How can liver disease manifest in the CNS?

Answer 33

* The classic brain MRI finding in liver disease is **hyperintense** **signal on T1-weighted images in the globus pallidus and substantia nigra**, thought to be due to manganese deposition.

Question 34

How can hypoglycemia manifest in the CNS? What else has a similar distribution?

Answer 34

* Severe hypoglycemia can show **bilateral T2 prolongation in the gray matter, including the cerebral cortex, hippocampi, and basal ganglia.** * Hypoxemic-ischemic encephalopathy has a similar distribution.

Question 35

Hypoxic-Ischemic Encephalopathy What is this caused by and what does it lead to? What portends a worse prognosis? Severe HIE affects what parts of brain? What is this distribution similar to?

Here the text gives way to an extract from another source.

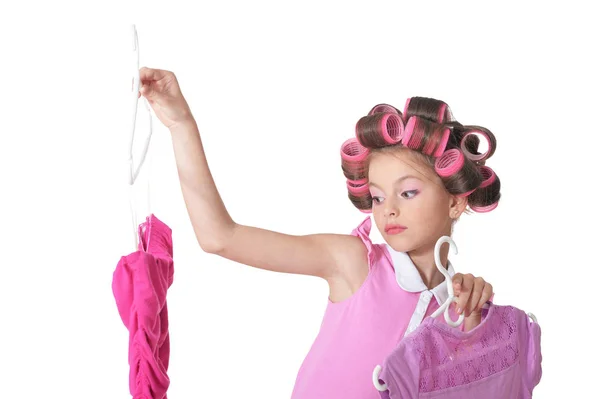 Pequena menina bonita em encrespadores de cabelo — Fotografia de Stock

MR and CT appearance? What is the *white cerebellum* sign?

Answer 35

* Hypoxic-ischemic encephalopathy (HIE) in adults is **caused by circulatory or respiratory failure, leading to global hypoxia/anoxia.** * Severe HIE **typically affects the gray matter, including the cerebral cortex, hippocampi, and basal ganglia**. This distribution is _similar to that of severe hypoglycemia_. Involvement of the _basal ganglia portends a worse prognosis._ * MR imaging shows **FLAIR and/or DWI hyperintensity of the affected regions.** * On CT, there is **loss of gray-white differentiation, diffuse cerebral hypoattenuation, and sulcal effacement.** The *white cerebellum* sign describes the _typical sparing of the cerebellum, which appears relatively hyperattenuating compared to the affected supratentorial brain._

Question 36

How can methanol poisoning manifest in the CNS? What can be the initial presentation?

Answer 36

* Methanol poisoning **can present with optic neuritis** as the first symptom. * **Hemorrhagic necrosis of the putamen and white matter edema** may follow.

Question 37

How can CO poisoning manifest in the CNS?

Answer 37

* Carbon monoxide poisoning typically causes **symmetric T2 prolongation and restricted diffusion of the globus pallidus.**

Question 38

CO vs Methanol poisoning

Answer 38

C**O** affest the gl**O**bus pallidus (medial basal ganglia). Methanol affects the putamen (lateral basal ganglia).